Greetings,
I would like to write a script that will launch several different tasks on
multiple nodes that will run simultaneously. Additionally, I would like to
restrict the number of tasks that will run on each node. The following is
pseudo-code for what I have currently (assuming W different tasks running on X
nodes (Y cores per node), with a maximum of Z tasks running on each node, where
Z < Y):
#SBATCH -t <walltime>
#SBATCH -N X
[BEGIN FOR LOOP]
srun -N 1 -n 1 --ntasks-per-node Z --exclusive <ith command> &
[END FOR LOOP]
wait
I set X to account for the --ntasks-per-node limit I set on the srun command.
My intention in writing this was for srun to populate each node with tasks up
to the --ntasks-per-node maximum Z before starting to launch tasks on the next
node. However, when I submitted this job with sbatch and examined the allocated
nodes while the job was running, I found that srun launched a task on every
core of a node before launching tasks on the next node. In other words, the
--ntasks-per-node option on the srun command does not work as I expected it to,
and Y tasks were launched on each node until the desired number of tasks was
launched.
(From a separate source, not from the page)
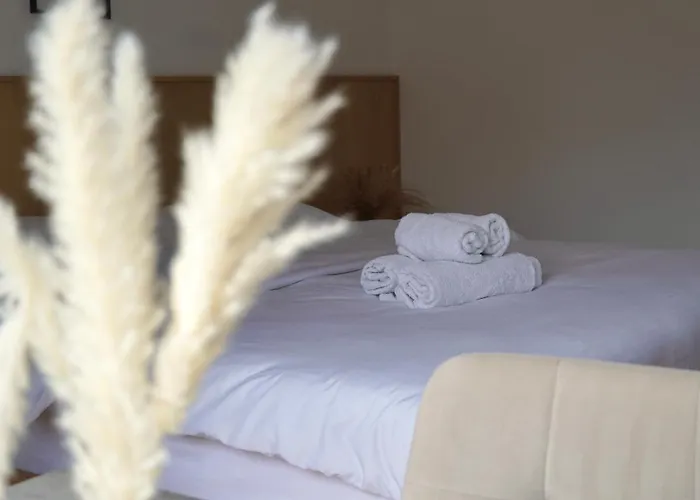 Apartament Center 1,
As a consequence, multiple nodes at the end of the nodelist were
allocated for the job and left empty, as I selected the number of nodes X
assuming a smaller number of tasks would run on each node.
I figure the job turned out this way because the "--ntasks-per-node Z" option
applies to each invocation of srun individually, so as long as no single
invocation of srun launches more than Z tasks, they will be launched on the
same node until it is full. Is this correct?
Would the following modified pseudo-code accomplish my goal by setting a
tasks-per-node limit for the entire allocation?
#SBATCH -t <walltime>
#SBATCH -N X
#SBATCH --ntasks-per-node Z
[BEGIN FOR LOOP]
srun -N 1 -n 1 --exclusive <ith command> &
[END FOR LOOP]
wait
My concern with this option is that because I am not also using the "#SBATCH
-n", this code will launch the entire script Z times on each node of the
allocation. Is this true?
Is there a better way to go about this?
Thanks very much,
Tyler Jordan